Pictures with short captions
⟨

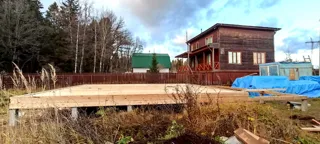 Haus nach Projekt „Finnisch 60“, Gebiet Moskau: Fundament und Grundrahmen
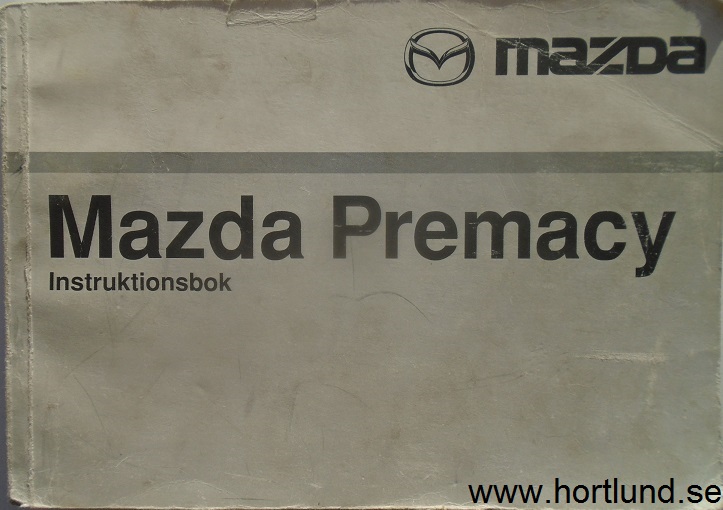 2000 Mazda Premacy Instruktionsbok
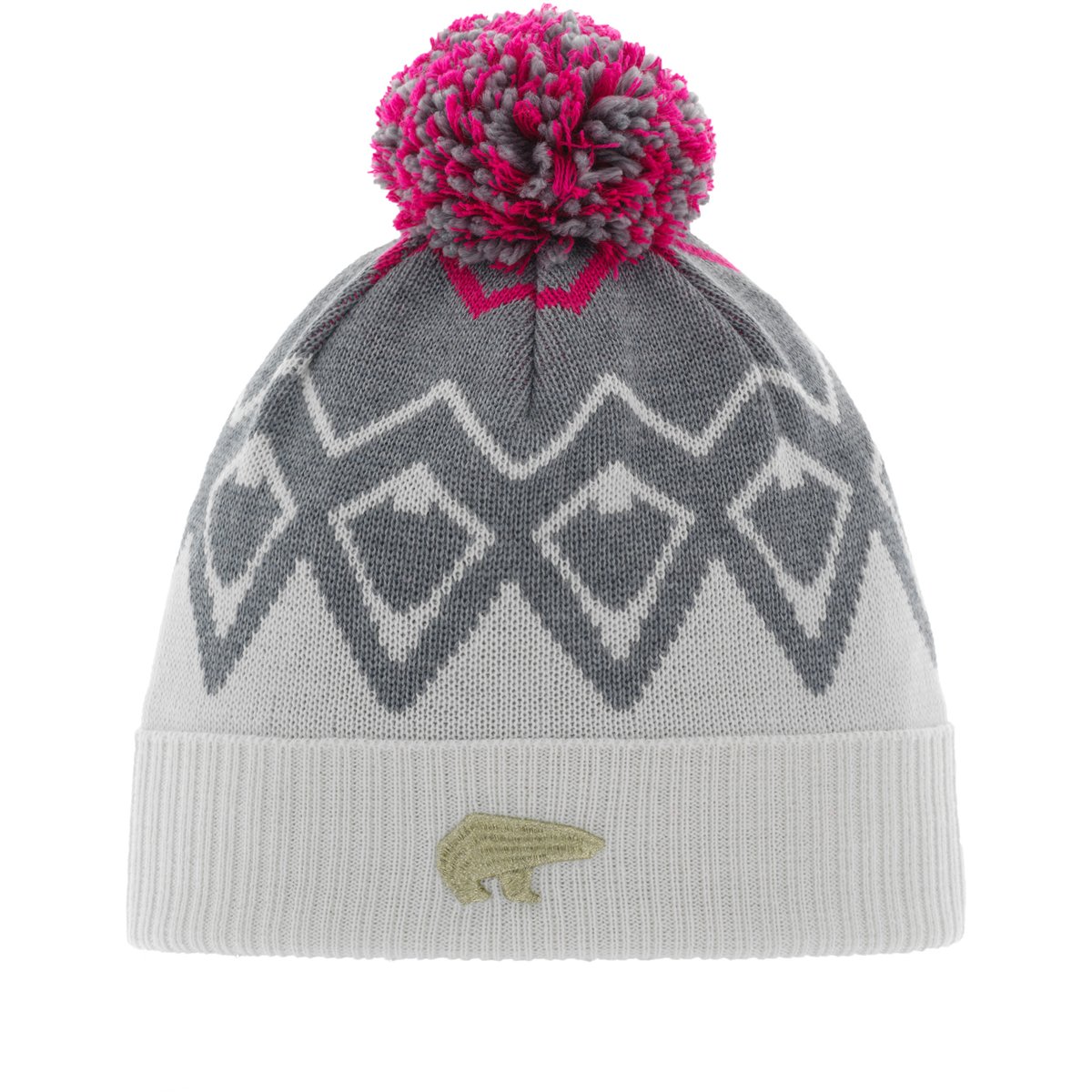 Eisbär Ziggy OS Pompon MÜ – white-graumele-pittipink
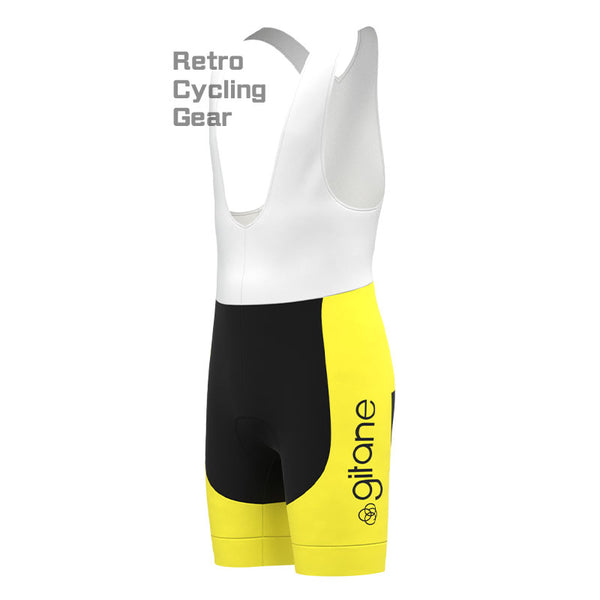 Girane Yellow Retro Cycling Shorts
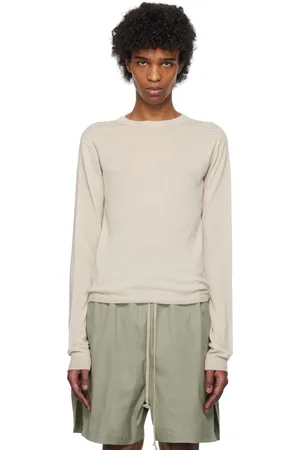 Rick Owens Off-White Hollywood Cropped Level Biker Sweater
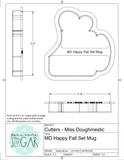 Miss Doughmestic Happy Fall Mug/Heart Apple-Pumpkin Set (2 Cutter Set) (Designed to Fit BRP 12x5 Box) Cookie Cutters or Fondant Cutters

⟩

__Aim of the exercise__:
Would you please copy, exactly and only, the lines from the one with "Girane Yellow Retro Cycling Shorts" through the end of the entries above, skipping every picture?

__Response area__:
 Girane Yellow Retro Cycling Shorts
 Rick Owens Off-White Hollywood Cropped Level Biker Sweater
 Miss Doughmestic Happy Fall Mug/Heart Apple-Pumpkin Set (2 Cutter Set) (Designed to Fit BRP 12x5 Box) Cookie Cutters or Fondant Cutters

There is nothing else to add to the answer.